3995 4.0 996.0 3996.0 ... 0.0 7.11186 0.362054
3996 4.0 997.0 3997.0 ... 0.0 7.09438 0.333609
3997 4.0 998.0 3998.0 ... 0.0 6.90865 0.296568
3998 4.0 999.0 3999.0 ... 0.0 6.79980 0.275516
3999 4.0 1000.0 4000.0 ... 0.0 6.79844 0.289409
[4000 rows x 11 columns]
In addition to the MCMC sample itself, the CmdStanMCMC object provides access to the the per-chain HMC tuning parameters from the NUTS-HMC adaptive sampler, (if present).

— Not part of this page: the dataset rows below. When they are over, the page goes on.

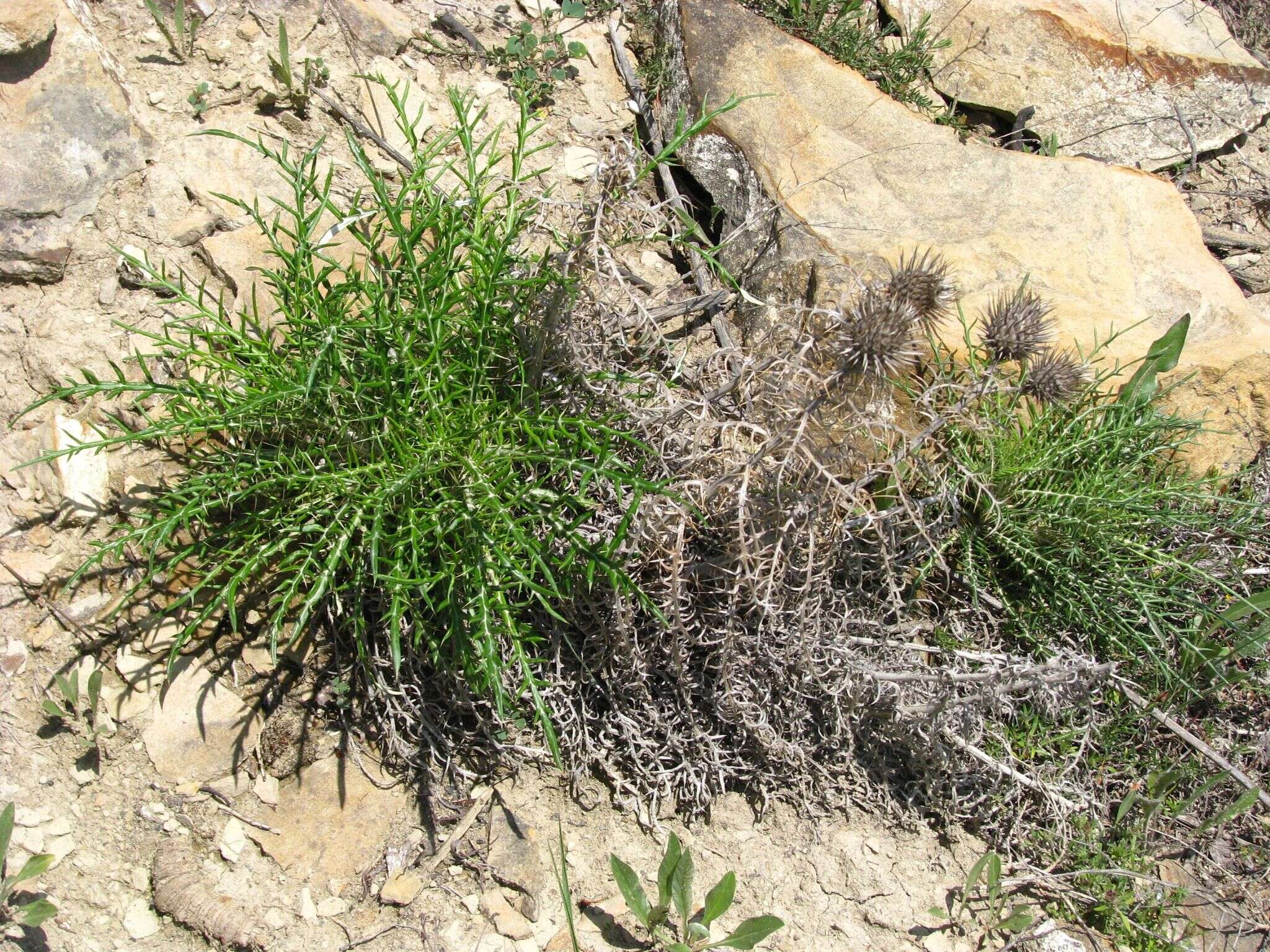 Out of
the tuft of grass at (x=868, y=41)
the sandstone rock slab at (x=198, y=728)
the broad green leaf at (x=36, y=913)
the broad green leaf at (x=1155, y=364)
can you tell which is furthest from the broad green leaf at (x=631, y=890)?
the tuft of grass at (x=868, y=41)

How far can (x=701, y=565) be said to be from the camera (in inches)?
105

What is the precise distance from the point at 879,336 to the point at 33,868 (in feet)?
7.30

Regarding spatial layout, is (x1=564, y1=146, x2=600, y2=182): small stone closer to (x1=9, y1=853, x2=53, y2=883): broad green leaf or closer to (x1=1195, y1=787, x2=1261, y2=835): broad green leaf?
(x1=9, y1=853, x2=53, y2=883): broad green leaf

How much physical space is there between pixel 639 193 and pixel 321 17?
4.35 feet

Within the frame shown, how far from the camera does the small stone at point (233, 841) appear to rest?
2514 millimetres

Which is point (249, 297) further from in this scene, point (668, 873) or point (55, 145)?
point (668, 873)

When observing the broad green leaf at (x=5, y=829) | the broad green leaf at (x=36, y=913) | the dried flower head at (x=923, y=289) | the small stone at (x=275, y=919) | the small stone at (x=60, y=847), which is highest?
the dried flower head at (x=923, y=289)

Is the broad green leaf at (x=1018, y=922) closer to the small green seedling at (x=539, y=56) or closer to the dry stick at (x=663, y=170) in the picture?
the dry stick at (x=663, y=170)

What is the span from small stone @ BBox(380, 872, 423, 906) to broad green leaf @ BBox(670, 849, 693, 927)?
26.8 inches

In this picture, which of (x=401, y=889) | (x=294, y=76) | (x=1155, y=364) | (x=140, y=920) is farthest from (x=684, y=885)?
(x=294, y=76)

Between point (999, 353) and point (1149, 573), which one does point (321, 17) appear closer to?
point (999, 353)

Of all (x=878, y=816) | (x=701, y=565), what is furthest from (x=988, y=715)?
(x=701, y=565)

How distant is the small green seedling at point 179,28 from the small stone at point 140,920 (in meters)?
2.70

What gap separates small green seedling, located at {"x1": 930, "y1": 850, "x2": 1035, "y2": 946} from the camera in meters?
2.68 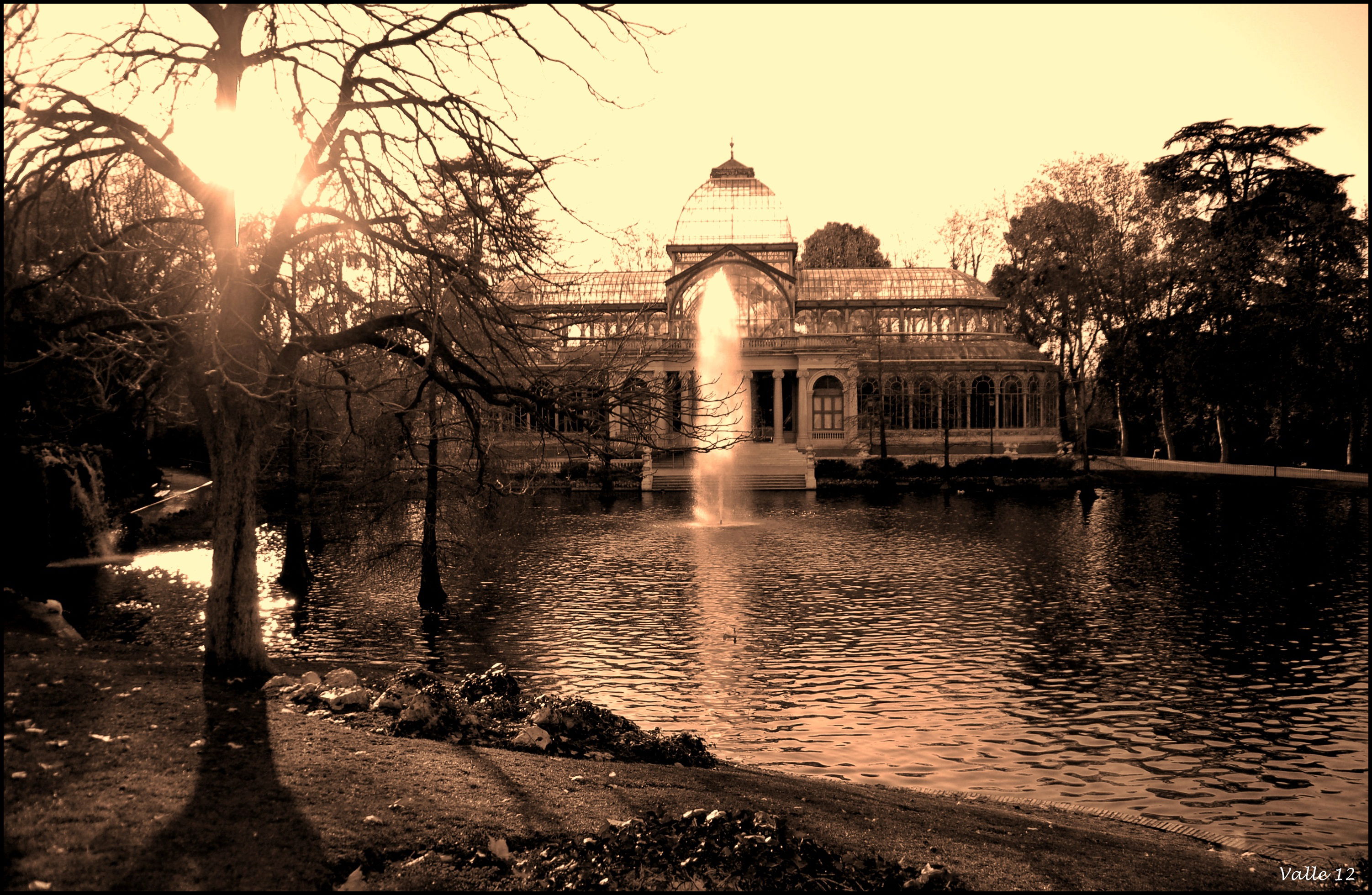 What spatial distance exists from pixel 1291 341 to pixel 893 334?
2006 cm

In [16]: print(fit.metric_type)
diag_e
In [17]: print(fit.metric)
[[0.548827]
[0.618353]
[0.488154]
[0.506284]]
In [18]: print(fit.step_size)
[0.916475 0.945805 0.890823 1.05791 ]
The CmdStanMCMC object also provides access to metadata about the model and the sampler run.

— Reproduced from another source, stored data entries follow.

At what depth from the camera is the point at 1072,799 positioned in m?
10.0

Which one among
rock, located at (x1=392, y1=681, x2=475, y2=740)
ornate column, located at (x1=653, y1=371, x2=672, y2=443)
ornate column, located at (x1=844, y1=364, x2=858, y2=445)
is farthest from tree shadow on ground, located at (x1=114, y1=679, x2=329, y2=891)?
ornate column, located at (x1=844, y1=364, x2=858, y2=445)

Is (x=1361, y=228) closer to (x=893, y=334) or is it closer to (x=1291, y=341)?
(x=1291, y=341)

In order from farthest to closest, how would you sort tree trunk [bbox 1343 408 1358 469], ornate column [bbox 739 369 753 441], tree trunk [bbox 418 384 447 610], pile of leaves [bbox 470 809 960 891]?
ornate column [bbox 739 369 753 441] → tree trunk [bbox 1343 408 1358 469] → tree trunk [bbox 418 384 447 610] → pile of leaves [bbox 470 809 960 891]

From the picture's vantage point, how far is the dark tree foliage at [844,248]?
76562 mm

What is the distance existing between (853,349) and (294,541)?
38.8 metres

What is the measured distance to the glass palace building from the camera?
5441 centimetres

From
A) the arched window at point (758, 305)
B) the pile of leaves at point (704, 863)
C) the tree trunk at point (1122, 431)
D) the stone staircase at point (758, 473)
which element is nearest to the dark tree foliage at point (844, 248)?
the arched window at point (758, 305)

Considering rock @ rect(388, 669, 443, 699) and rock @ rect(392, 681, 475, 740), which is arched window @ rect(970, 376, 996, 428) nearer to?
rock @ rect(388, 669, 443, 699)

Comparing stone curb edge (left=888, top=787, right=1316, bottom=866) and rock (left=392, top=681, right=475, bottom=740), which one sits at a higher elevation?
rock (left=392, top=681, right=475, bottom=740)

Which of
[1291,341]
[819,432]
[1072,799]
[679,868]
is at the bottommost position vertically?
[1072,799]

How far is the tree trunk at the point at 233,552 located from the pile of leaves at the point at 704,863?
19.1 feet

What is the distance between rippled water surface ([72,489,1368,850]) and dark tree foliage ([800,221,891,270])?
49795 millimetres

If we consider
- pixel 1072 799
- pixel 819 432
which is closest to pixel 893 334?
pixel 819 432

In [19]: print(fit.metadata.cmdstan_config['model'])
bernoulli_model
In [20]: print(fit.metadata.cmdstan_config['seed'])
5650
CmdStan utilities: stansummary, diagnose¶
CmdStan is distributed with a posterior analysis utility
stansummary
that reads the outputs of all chains and computes summary statistics
for all sampler and model parameters and quantities of interest.
The CmdStanMCMC method summary() runs this utility and returns
summaries of the total joint log-probability density lp__ plus
all model parameters and quantities of interest in a pandas.DataFrame:
In [21]: fit.summary()
Out[21]:
Mean MCSE StdDev ... N_Eff N_Eff/s R_hat
lp__ -7.244140 0.016066 0.686744 ... 1827.16 45679.0 1.00054
theta 0.249347 0.003168 0.116642 ... 1356.00 33900.0 1.00428
[2 rows x 9 columns]
CmdStan is distributed with a second posterior analysis utility
diagnose
which analyzes the per-draw sampler parameters across all chains
looking for potential problems which indicate that the sample
isn’t a representative sample from the posterior.

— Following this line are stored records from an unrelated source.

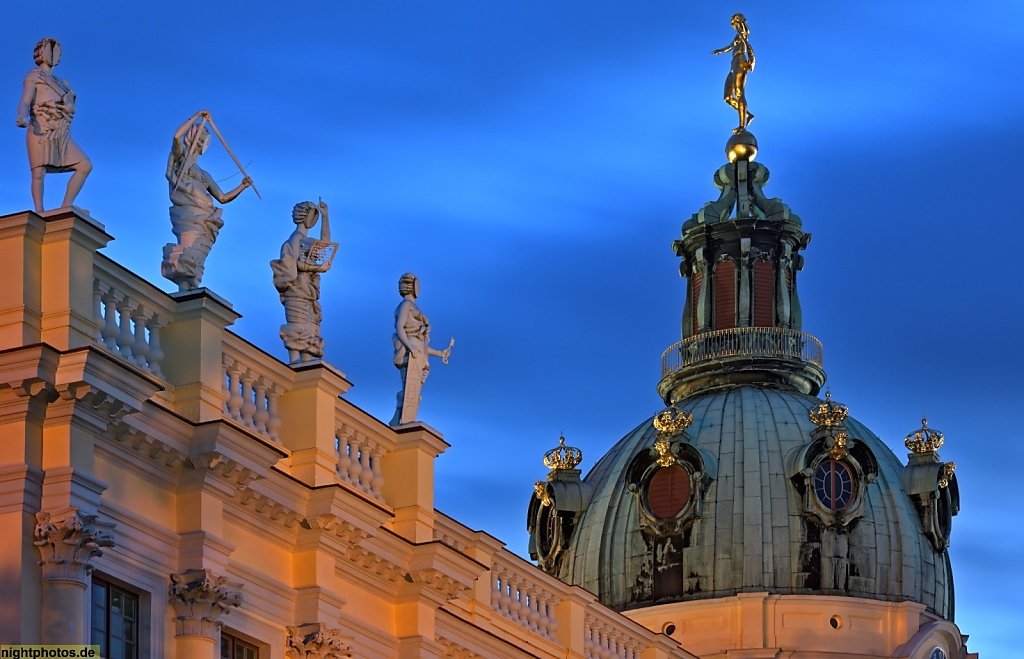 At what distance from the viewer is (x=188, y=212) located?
129 feet

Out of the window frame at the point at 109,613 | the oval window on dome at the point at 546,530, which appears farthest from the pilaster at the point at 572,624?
the oval window on dome at the point at 546,530

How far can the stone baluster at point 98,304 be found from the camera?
36750 millimetres

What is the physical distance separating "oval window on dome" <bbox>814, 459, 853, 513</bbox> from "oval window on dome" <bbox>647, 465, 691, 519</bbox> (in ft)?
9.51

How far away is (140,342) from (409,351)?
716 centimetres

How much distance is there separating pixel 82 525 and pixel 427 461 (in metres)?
9.35

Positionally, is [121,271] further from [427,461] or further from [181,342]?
[427,461]

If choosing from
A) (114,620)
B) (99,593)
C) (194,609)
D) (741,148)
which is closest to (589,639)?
(194,609)

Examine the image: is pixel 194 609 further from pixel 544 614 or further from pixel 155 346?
pixel 544 614

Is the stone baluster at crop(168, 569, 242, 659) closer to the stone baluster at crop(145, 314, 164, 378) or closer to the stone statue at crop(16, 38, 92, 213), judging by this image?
the stone baluster at crop(145, 314, 164, 378)

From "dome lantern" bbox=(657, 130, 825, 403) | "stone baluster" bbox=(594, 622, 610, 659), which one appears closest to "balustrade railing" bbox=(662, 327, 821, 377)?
"dome lantern" bbox=(657, 130, 825, 403)

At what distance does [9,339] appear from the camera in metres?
36.0

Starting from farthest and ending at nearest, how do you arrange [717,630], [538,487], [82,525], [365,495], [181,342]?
1. [538,487]
2. [717,630]
3. [365,495]
4. [181,342]
5. [82,525]

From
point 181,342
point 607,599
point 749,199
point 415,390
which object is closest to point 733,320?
point 749,199

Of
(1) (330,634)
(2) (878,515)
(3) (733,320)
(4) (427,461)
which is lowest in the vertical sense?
(1) (330,634) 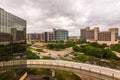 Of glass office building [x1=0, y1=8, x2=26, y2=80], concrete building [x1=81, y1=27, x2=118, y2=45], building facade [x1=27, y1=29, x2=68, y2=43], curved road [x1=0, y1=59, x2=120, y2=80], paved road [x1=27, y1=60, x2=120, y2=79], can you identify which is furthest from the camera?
building facade [x1=27, y1=29, x2=68, y2=43]

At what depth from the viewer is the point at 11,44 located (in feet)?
95.1

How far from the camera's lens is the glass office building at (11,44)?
25.3 metres

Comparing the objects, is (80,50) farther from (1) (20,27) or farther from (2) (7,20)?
(2) (7,20)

The diagnose() method runs this utility and prints the output to the console.
In [22]: print(fit.diagnose())
Processing csv files: /tmp/tmpgvv426mx/bernoullig33uprfe/bernoulli-20240326163037_1.csv, /tmp/tmpgvv426mx/bernoullig33uprfe/bernoulli-20240326163037_2.csv, /tmp/tmpgvv426mx/bernoullig33uprfe/bernoulli-20240326163037_3.csv, /tmp/tmpgvv426mx/bernoullig33uprfe/bernoulli-20240326163037_4.csv
Checking sampler transitions treedepth.
Treedepth satisfactory for all transitions.
Checking sampler transitions for divergences.
No divergent transitions found.
Checking E-BFMI - sampler transitions HMC potential energy.
E-BFMI satisfactory.
Effective sample size satisfactory.
Split R-hat values satisfactory all parameters.
Processing complete, no problems detected.